Ceasefires and capers

When is a ceasefire not a ceasefire? The ceasefire in Gaza, which was hailed by all and was personally guaranteed by US President Donald Trump, has not lasted in the literal sense, that of an end to violence, because Israel dropped bombs again, 153 tons of them, because it said Hamas had not fulfilled its part of the deal.

The result was that Trump sent his friend Steve Witkoff and son-in-law Jared Kushner to go and make nice with Israeli PM Benjamin Netanyahu and ask him to stop. We still officially have a ceasefire, but I wonder what the Gazans think about it. They’re the ones who are getting bombed, not Steve or Jared.

Violence hasn’t just made a comeback in Gaza but also in Lahore. Well, we’ve got all sorts of violence, but perhaps the most painful is the kitestring across someone’s throat, usually a motorcyclist or a motorbike passenger. So many were dying at one point that Basant was banned in Lahore. At fault: the glass-treated string, mostly imported from India, so deadly not just to opposing kites but also human throats.

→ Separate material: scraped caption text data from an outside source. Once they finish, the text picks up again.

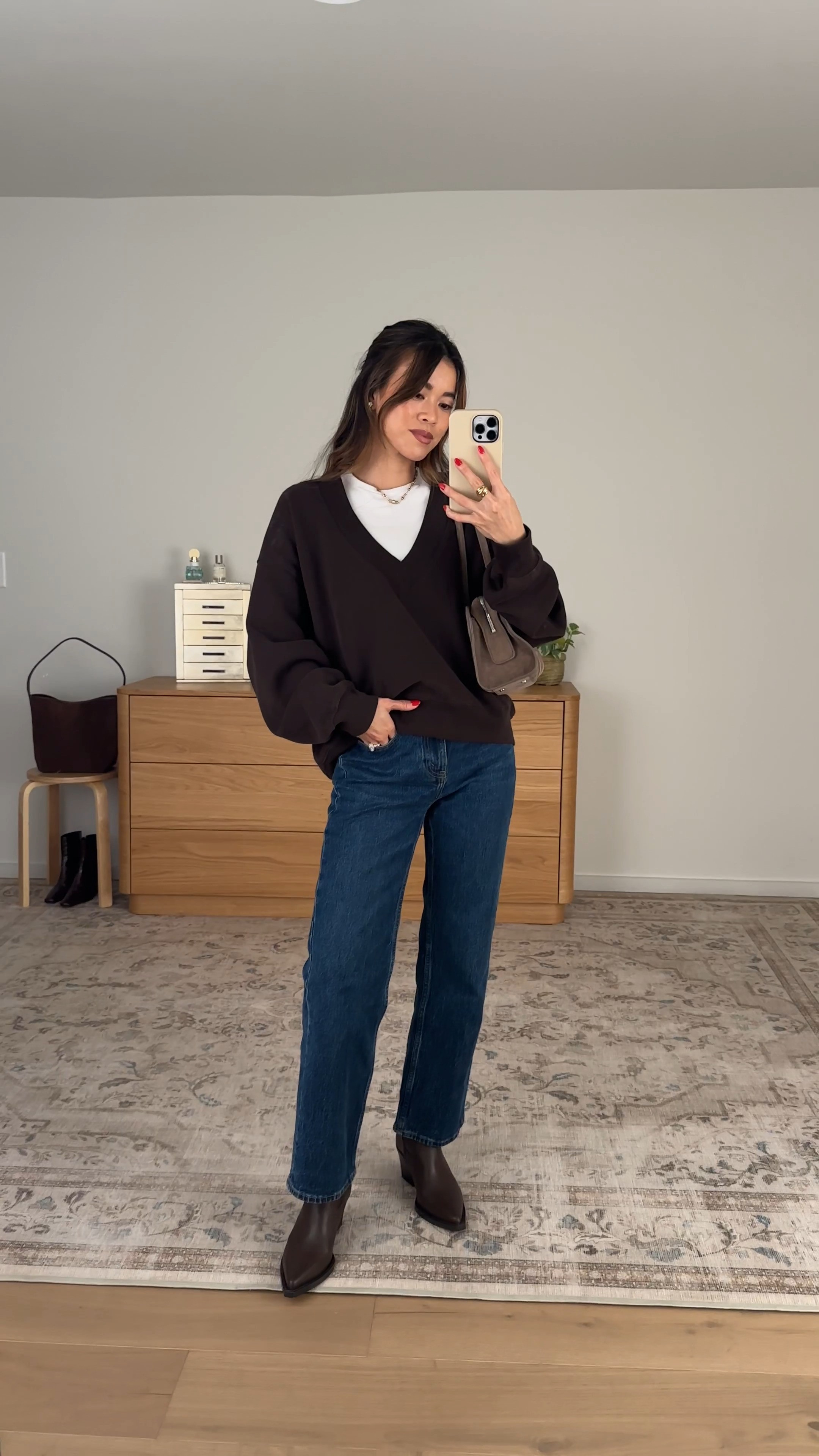 I love this deep V neck @Aritzia sweatshirt for fall. 

Sizing info:
-Abercrombie High Rise 90s Relaxed Jeans (Size 23 Extra short in Dark Wash)
-Aritzia HomeStretch Rib Tune T-Shirt (Size XS in white)
-Arizia Cozy Sweatfleece Mega V-Neck Sweatshirt (Size XS in Cacao Nib Brown)

Aritzia Fall New Arrivals, Aritzia Sweaters, Aritzia best sellers, best pieces from Aritzia for petite, what pants from Aritzia will fit if youre petite, Petite style guide, how to dress if you’re petite, Petite style, petite fashion, mom outfit, mom style, petite pants, petite outfit ideas, petite outfits, best pants for petite, petite denim, Fall style, Fall outfits, vacation outfits, denim for petite,

#LTKootd #LTKSeasonal #LTKPetite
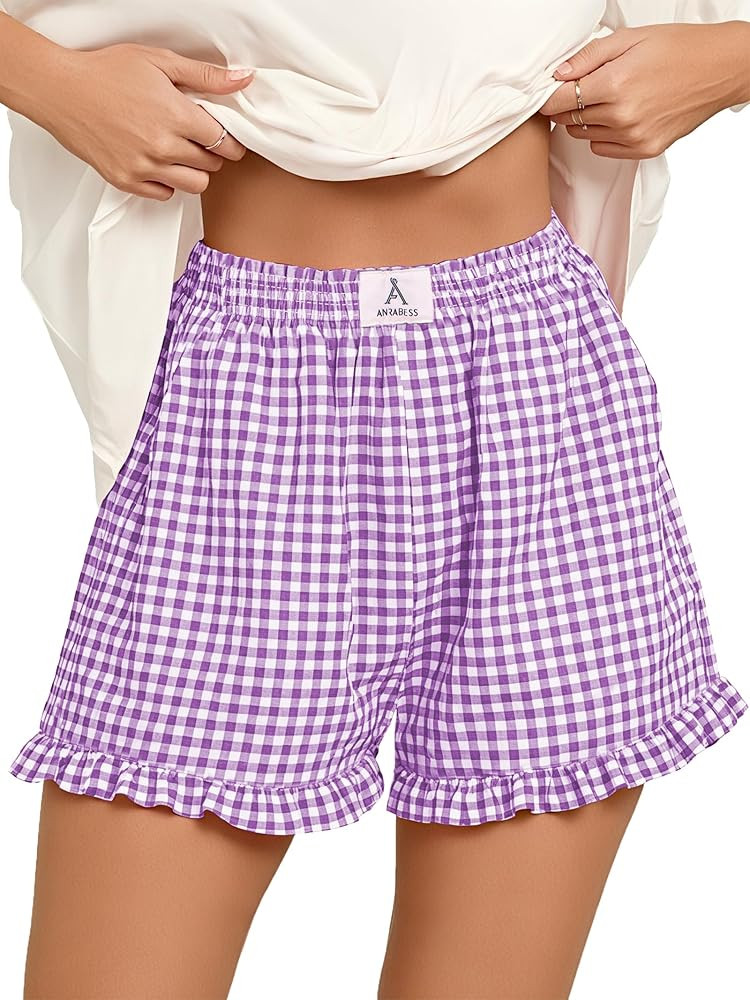 ANRABESS Boxer Shorts for Women,Gingham Plaid Elastic Waist Ruffle,Perfect for Lounge,Pajama&Slee... | Amazon (US)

Someone who didn’t die from either Israeli bombing or a kitestring across his throat, but after a prolonged illness, was the Indian comedian Asrani. He was pretty damn good, dating back to the era when a movie had to have a comedian in the cast. He didn’t depend on slapstick, though he could do a great pratfall in his time, but relied on verbal humor and his facial expressions. The nearest I could think of someone resembling him was our Anwar Ali, who passed away recently.

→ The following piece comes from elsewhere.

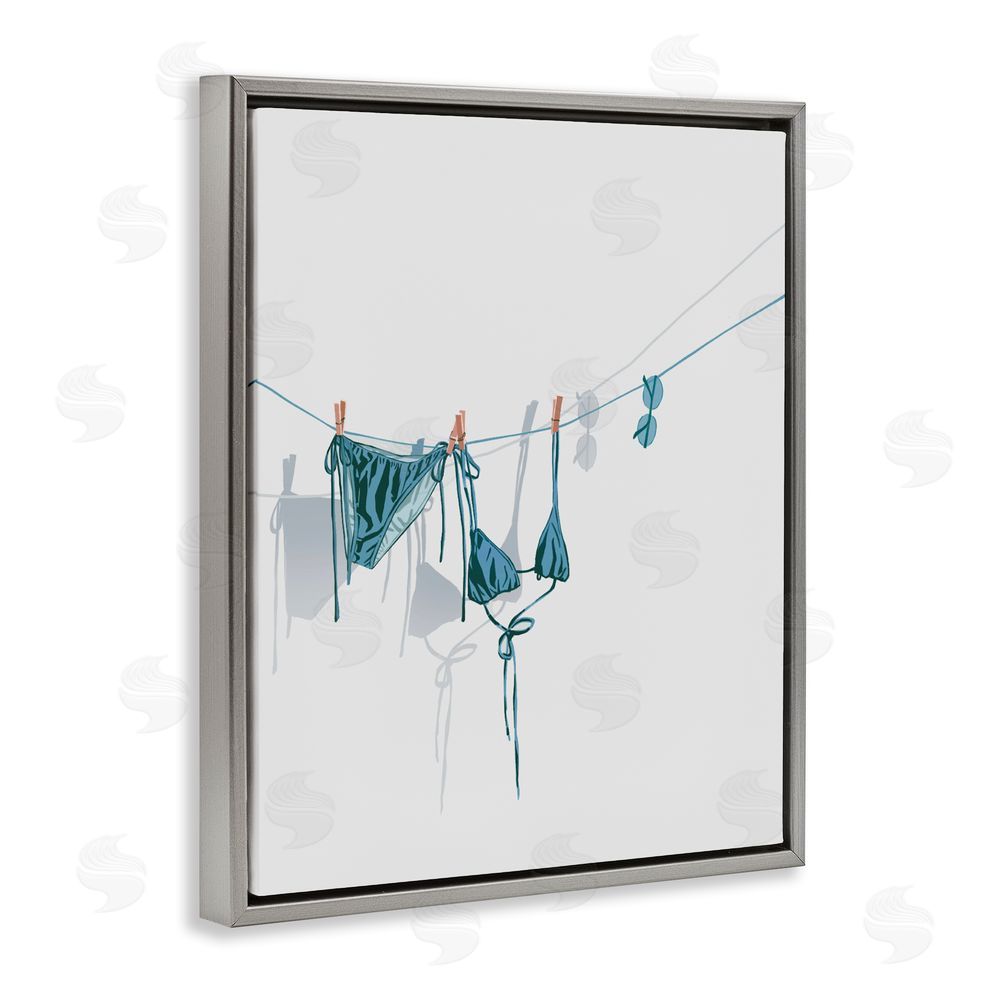 Ziwei Li Teal Bikini on Clothesline Gray Floating Framed Canvas Wall Art Print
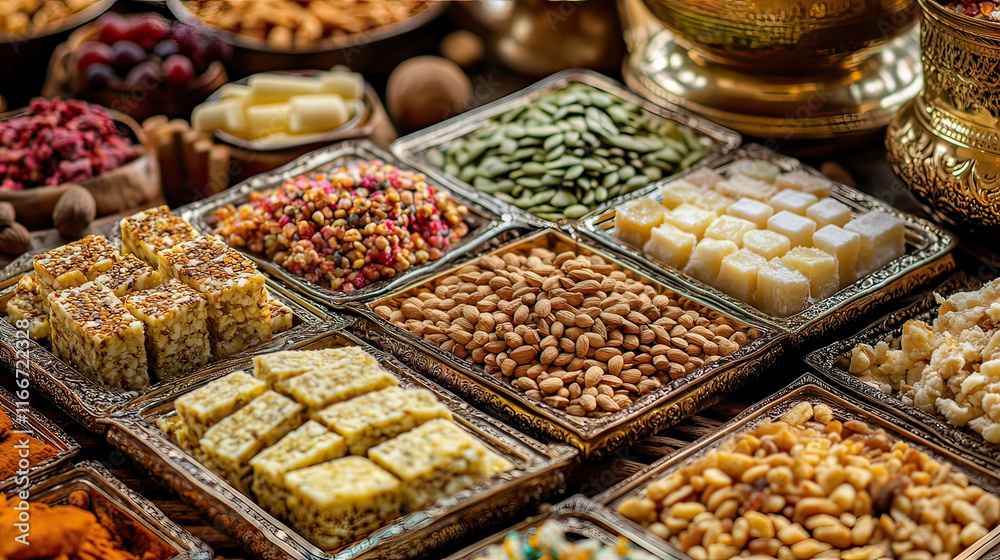 Ornamental Trays Filled with Sweets, Nuts, and Seeds - AI Generative Ornamental Trays Filled with Sweets, Nuts, and Seeds - AI Generative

But even Asrani wasn’t able to equal the comedy I once saw from a train window a long, long time ago. I’m not a great train traveller, but I was particularly struck by what I saw many, many years ago from the window of the train while it stopped at a signal on the approach to Lahore Railway Station: a tapeball cricket match was happening down below (we were on a bridge, so I was looking down); the bowler produced a rank long hop, the batsman swatted at it with a rank agricultural shot, skying it for a dolly catch to mid-on, who dropped the sitter. I had just witnessed perhaps the worst exhibition of cricket I have ever seen in my life.

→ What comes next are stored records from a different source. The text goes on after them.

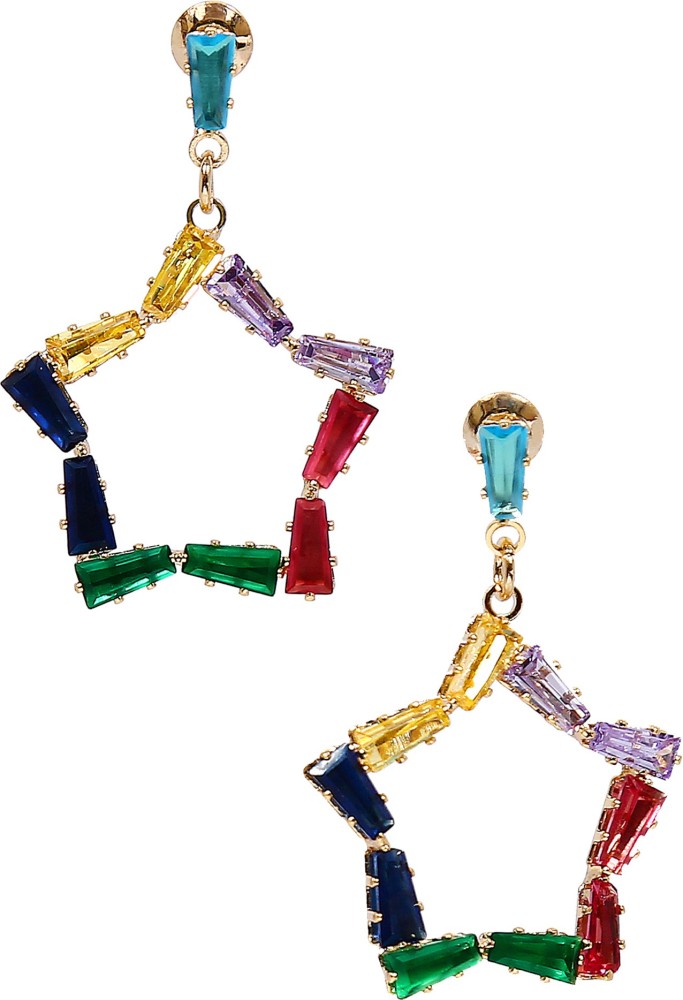 CRUNCHY FASHION Crunchy Fashion Multicolored Swiss Zircon/Ad studded Premium Dangle Earrings Alloy Drops & Danglers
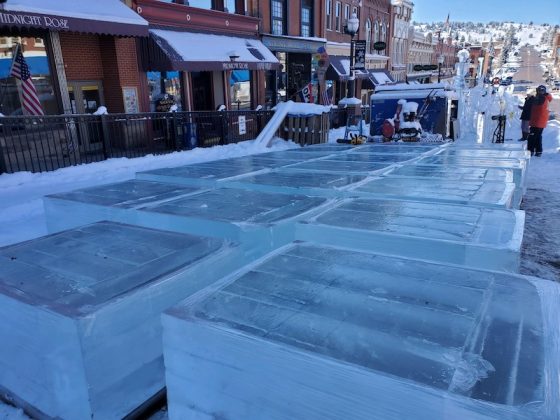 300-pound ice blocks delivered to carving teams at Cripple Creek's annual Ice Festival.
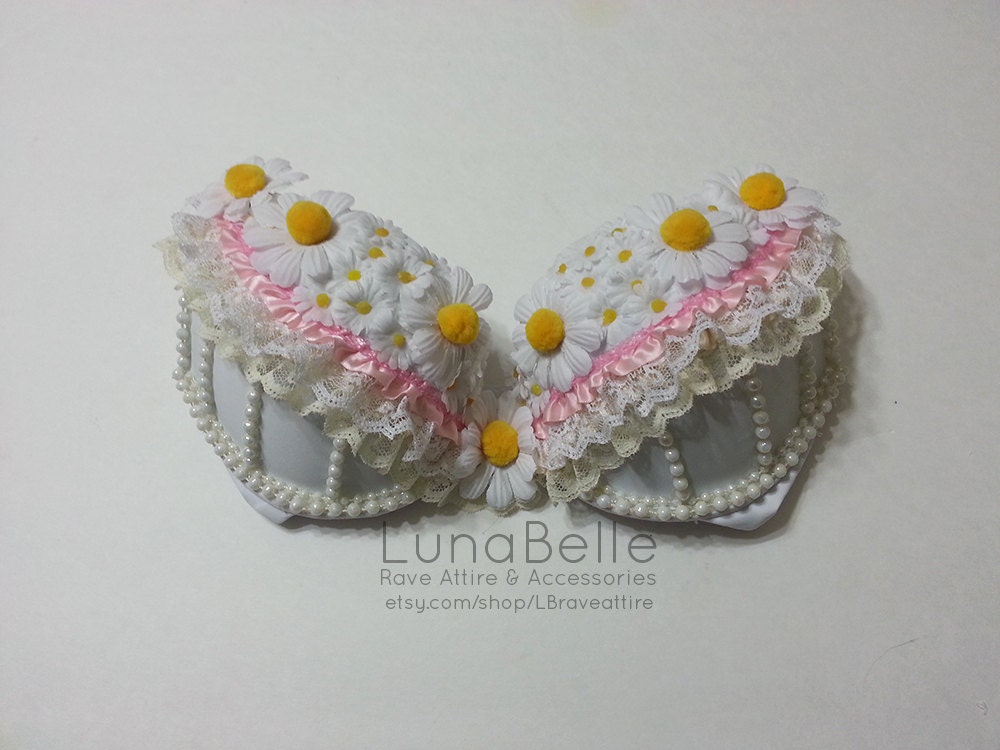 Daisy EDC Rave Bra // Lace // Pearls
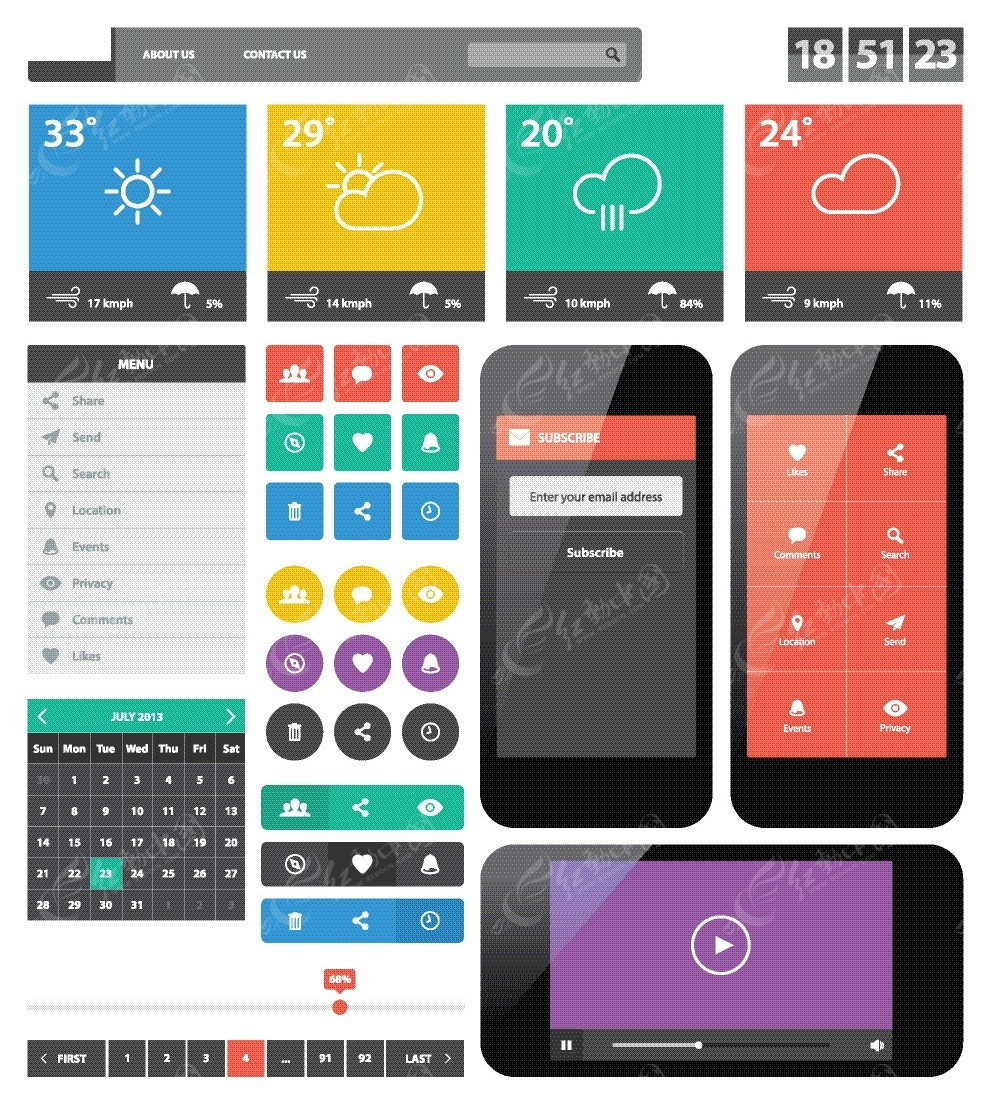 黑色手機界面設計UI元素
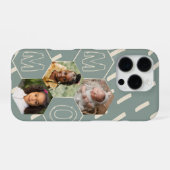 Sage green hexagon Mom Photo Collage iPhone Hoesje (Achterkant horizontaal)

The memory of that delivery, that batting, and that fielding came to mind when I had the privilege of seeing the result of the Zimbabwe versus Afghanistan Test match in Harare. Zimbabwe won by an innings inside three days. I hadn’t seen any of the match, but I can imagine the sort of cricket played. I wonder why Ireland is not involved, for I’m sure they would produce some really interesting cricket.

Perhaps we should invite over the Afghanistan team, for it seems that Pakistan is vulnerable. So long as Shan Masood remains captain, we are going to keep squaring series we should be winning, and that too at home. The formula is to win the first test with our spinners and then lose the next one to theirs. Last season, it was the West Indies; this season, it’s been South Africa. After that breathtaking clean sweep by Bangladesh, Shan has never really looked back. True, we won the series against England, but that was after losing the First Test in what must rank as the worst ever Test defeat: Pakistan made more than 500 but still lost by an innings. While the defeat against South Africa was not as dramatic, it was still bad enough.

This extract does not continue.